(Exercise description):
Please work out the number of lines in the following material that include "background", and reply with only that number.
BEGIN Source material
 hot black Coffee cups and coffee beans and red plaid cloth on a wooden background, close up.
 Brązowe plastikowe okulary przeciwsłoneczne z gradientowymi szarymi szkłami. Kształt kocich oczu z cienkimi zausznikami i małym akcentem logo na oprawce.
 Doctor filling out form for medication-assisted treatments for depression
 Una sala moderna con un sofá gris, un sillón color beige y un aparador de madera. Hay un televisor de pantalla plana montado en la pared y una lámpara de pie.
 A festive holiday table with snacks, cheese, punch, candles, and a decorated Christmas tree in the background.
END Source material
BEGIN Source material
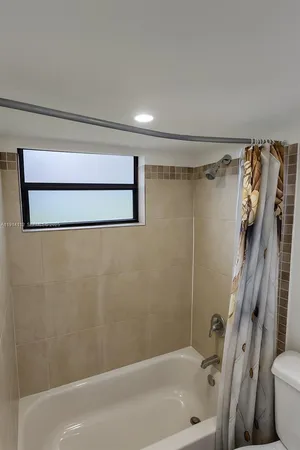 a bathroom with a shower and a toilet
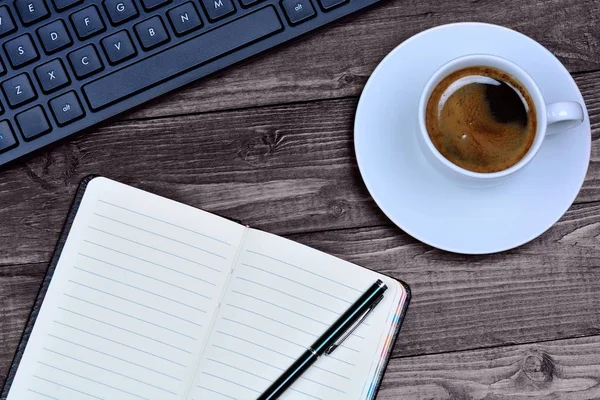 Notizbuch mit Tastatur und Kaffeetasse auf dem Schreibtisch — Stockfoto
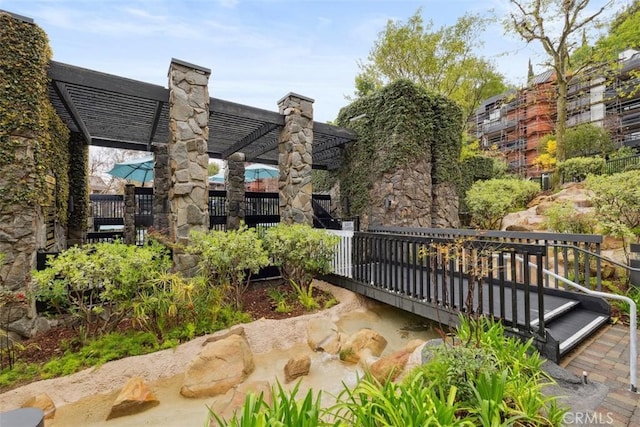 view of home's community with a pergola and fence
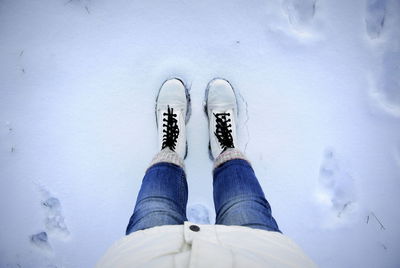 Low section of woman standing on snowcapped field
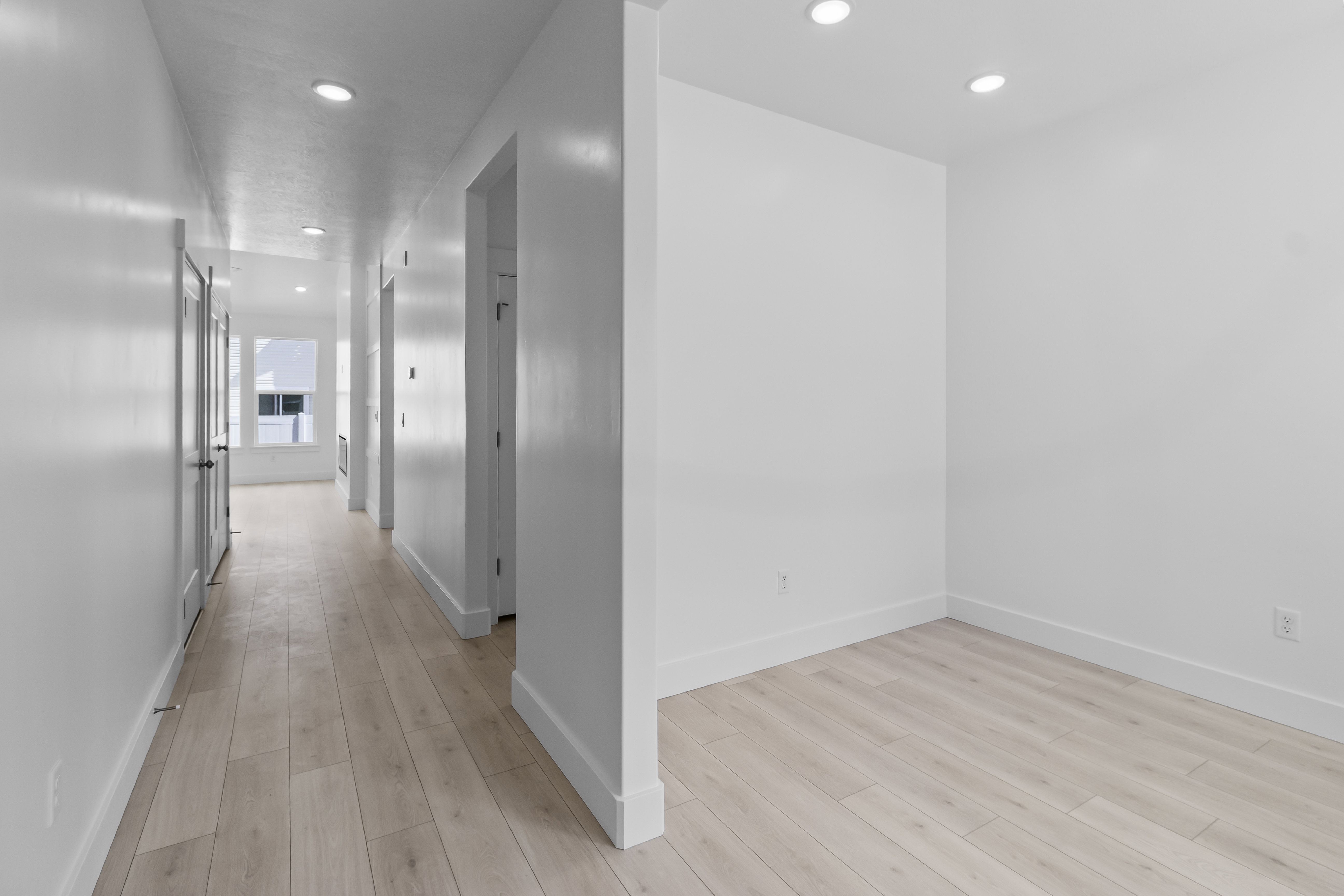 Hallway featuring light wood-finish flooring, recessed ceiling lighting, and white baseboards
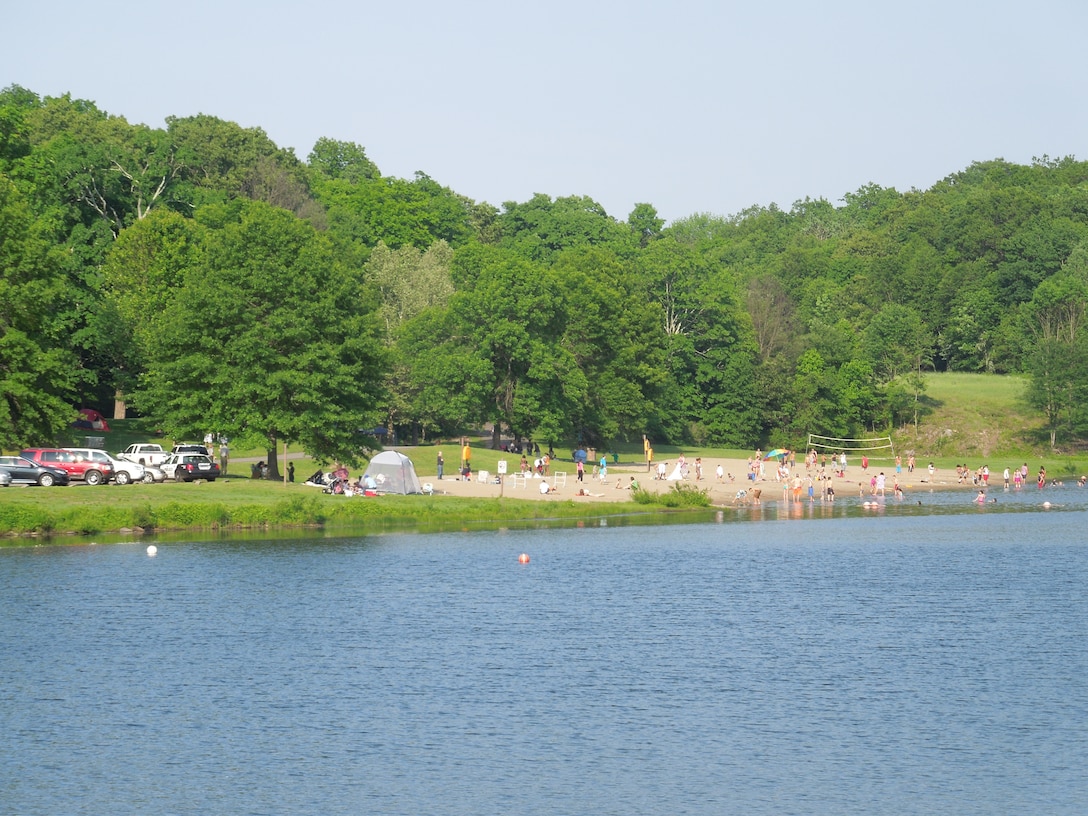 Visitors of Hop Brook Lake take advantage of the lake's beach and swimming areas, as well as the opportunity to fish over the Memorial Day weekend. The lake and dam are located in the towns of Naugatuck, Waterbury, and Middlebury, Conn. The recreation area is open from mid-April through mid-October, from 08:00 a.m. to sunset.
END Source material
(Your response):
2